Work order
After removing every image, reproduce the data exactly as it appears.
..............................
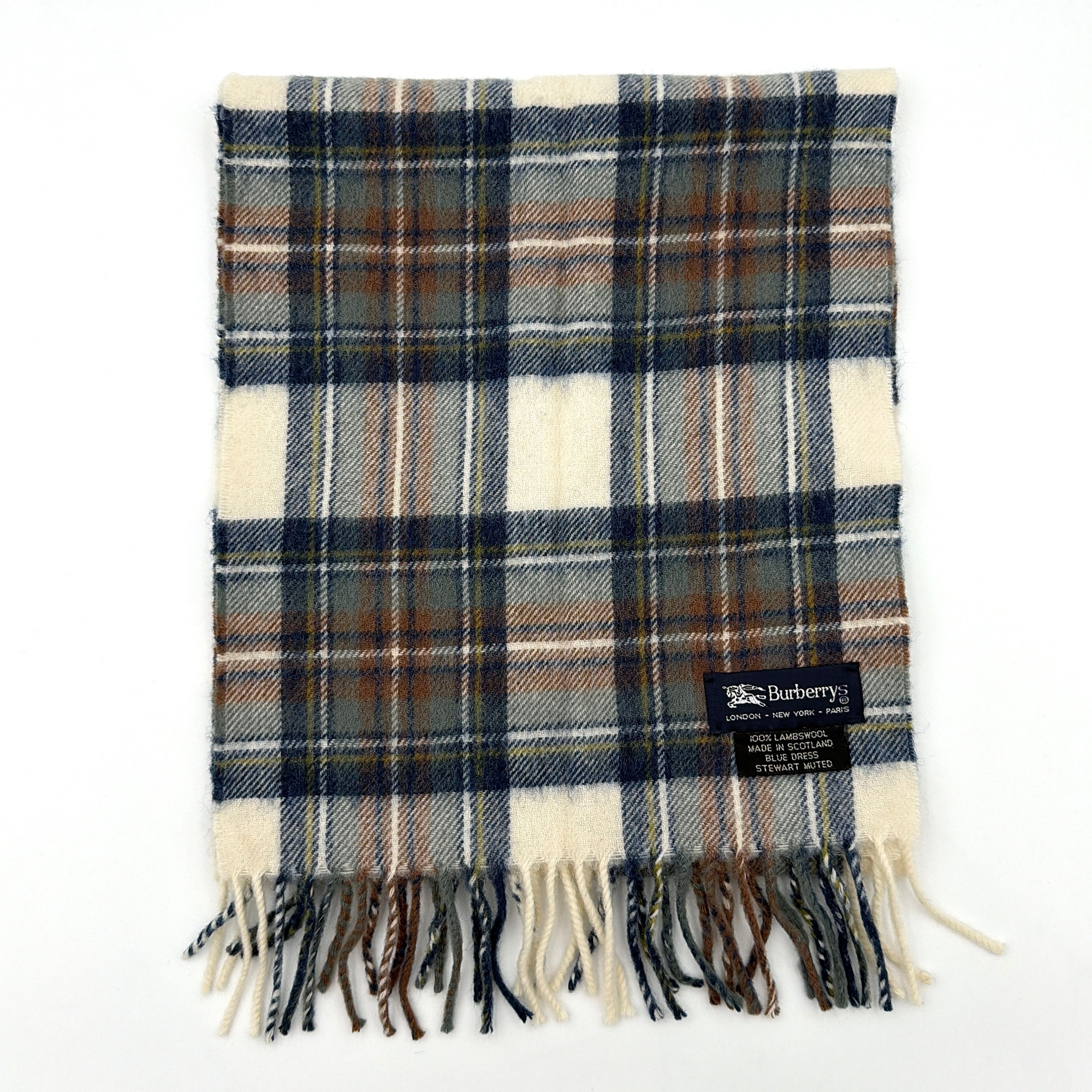 Burberry wool scarf in a muted blue, cream, and grey Stewart tartan, finished with long fringe and a woven heritage label.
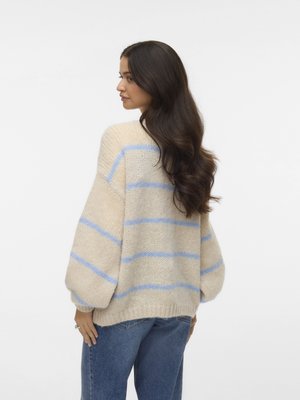 Woman with long dark hair wearing a beige chunky knit sweater with blue stripes and blue jeans, standing against a white background.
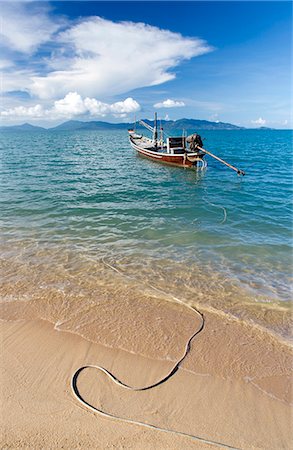 Traditional long-tailed fishing boat moored off Maenam Beach on the North Coast of Koh Samui, Thailand, Southeast Asia, Asia Stock Photo - Rights-Managed, Code: 841-07205172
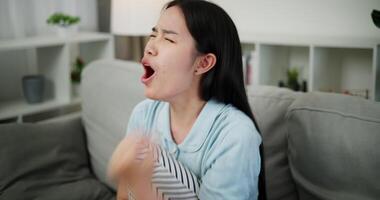Handheld high angle view shot, An attractive young woman is intently watching something on TV and shows signs of extreme excitement and joy while sitting on sofa in the living room at home. video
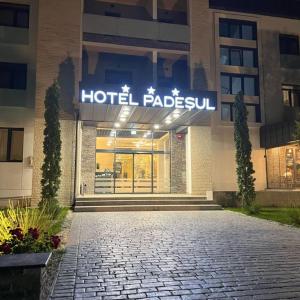 un hotel con un cartel en la parte delantera de un edificio en Hotel Padesul, en Făget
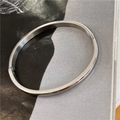 Minimalist silver stainless steel oval bangle with polished finish and hinge clasp closure - Silver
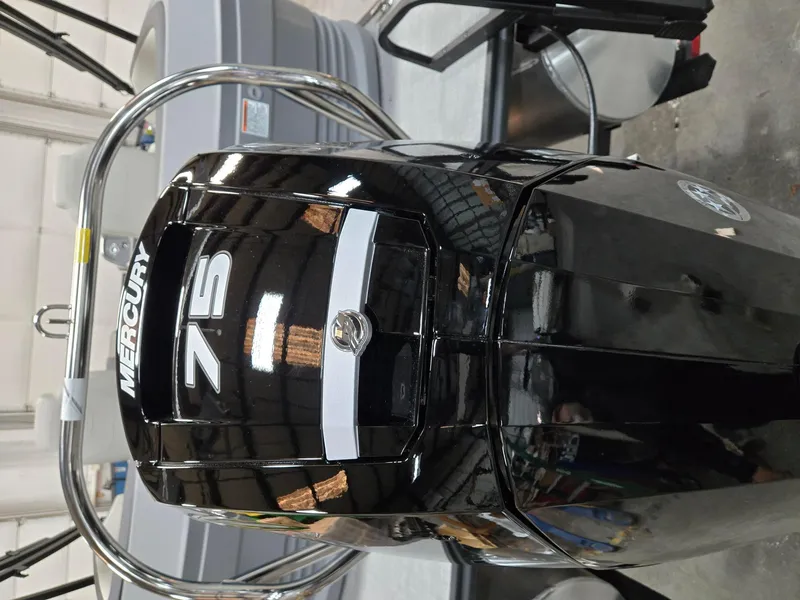 Slide: The Image of Mercury 7.5 outboard motor on 2025 Starcraft GX20R boat in showroom. - 8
..............................
Your response
 Burberry wool scarf in a muted blue, cream, and grey Stewart tartan, finished with long fringe and a woven heritage label.
 Woman with long dark hair wearing a beige chunky knit sweater with blue stripes and blue jeans, standing against a white background.
 Traditional long-tailed fishing boat moored off Maenam Beach on the North Coast of Koh Samui, Thailand, Southeast Asia, Asia Stock Photo - Rights-Managed, Code: 841-07205172
Handheld high angle view shot, An attractive young woman is intently watching something on TV and shows signs of extreme excitement and joy while sitting on sofa in the living room at home. video
 un hotel con un cartel en la parte delantera de un edificio en Hotel Padesul, en Făget
 Minimalist silver stainless steel oval bangle with polished finish and hinge clasp closure - Silver
 Slide: The Image of Mercury 7.5 outboard motor on 2025 Starcraft GX20R boat in showroom. - 8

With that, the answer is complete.